# Minimum rate per mile (Travel allowance)



## djsim (23 Apr 2008)

Hey Guys, 

I have a quick question. I am based in Limerick and I have to travel to Cork once, maybe twice a month with work. I searched around the web and ABM but could not find a definate answer on this.

Presently, I get €60 euro for the round trip which I beleive is well below what I should be getting. Can anyone pls tell me how much should I get per mile\KM.

If I am getting below, I can demand more or is it up to my employeer?

P.S. The company that I work for give the absoulte min across the board.

Thanks,
James.


----------



## mathepac (23 Apr 2008)

djsim said:


> ...Presently, I get €60 euro for the round trip which I beleive is well below what I should be getting.
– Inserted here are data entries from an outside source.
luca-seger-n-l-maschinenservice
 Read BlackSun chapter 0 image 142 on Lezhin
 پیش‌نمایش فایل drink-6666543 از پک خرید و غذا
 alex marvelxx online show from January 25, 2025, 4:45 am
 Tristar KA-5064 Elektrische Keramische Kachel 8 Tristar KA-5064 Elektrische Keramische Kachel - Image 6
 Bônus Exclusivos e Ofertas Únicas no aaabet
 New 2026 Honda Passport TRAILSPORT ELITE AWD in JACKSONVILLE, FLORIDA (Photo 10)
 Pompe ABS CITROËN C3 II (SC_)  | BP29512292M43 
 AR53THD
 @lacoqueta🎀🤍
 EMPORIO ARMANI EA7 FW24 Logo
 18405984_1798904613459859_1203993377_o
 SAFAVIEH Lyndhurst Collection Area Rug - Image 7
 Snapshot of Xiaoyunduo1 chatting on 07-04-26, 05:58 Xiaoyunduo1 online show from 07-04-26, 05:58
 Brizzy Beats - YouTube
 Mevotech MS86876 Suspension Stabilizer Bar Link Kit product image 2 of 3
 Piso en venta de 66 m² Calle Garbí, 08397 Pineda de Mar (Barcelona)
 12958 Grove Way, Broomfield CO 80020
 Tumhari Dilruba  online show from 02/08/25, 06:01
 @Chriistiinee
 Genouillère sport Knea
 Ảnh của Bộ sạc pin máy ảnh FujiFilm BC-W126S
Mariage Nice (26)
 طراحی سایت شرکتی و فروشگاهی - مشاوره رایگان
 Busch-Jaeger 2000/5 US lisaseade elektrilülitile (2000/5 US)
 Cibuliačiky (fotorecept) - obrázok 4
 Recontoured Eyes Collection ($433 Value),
Can anyone pls tell me how much should I get per mile\KM...


As in all such cases the answer is that "it depends". What you "should get" is whatever is agreed between yourself and your employers.

AFAIK, there is no such thing as a minimum rate, but there are maximum rates that the Revenue agree as free of tax based on the engine capacity of the car, whether the car is privately owned or a company-supplied vehicle and the number of miles travelled per annum, provided the rates and payments are agreed with Revenue in advance.


----------



## Purple (23 Apr 2008)

We pay €0.35 per km. That's the most Revenue let us give.


----------



## Staples (23 Apr 2008)

Purple said:


> We pay €0.35 per km. That's the most Revenue let us give.


 
........without incurring a tax liability perhaps but you're not actually precluded from paying any greater amount.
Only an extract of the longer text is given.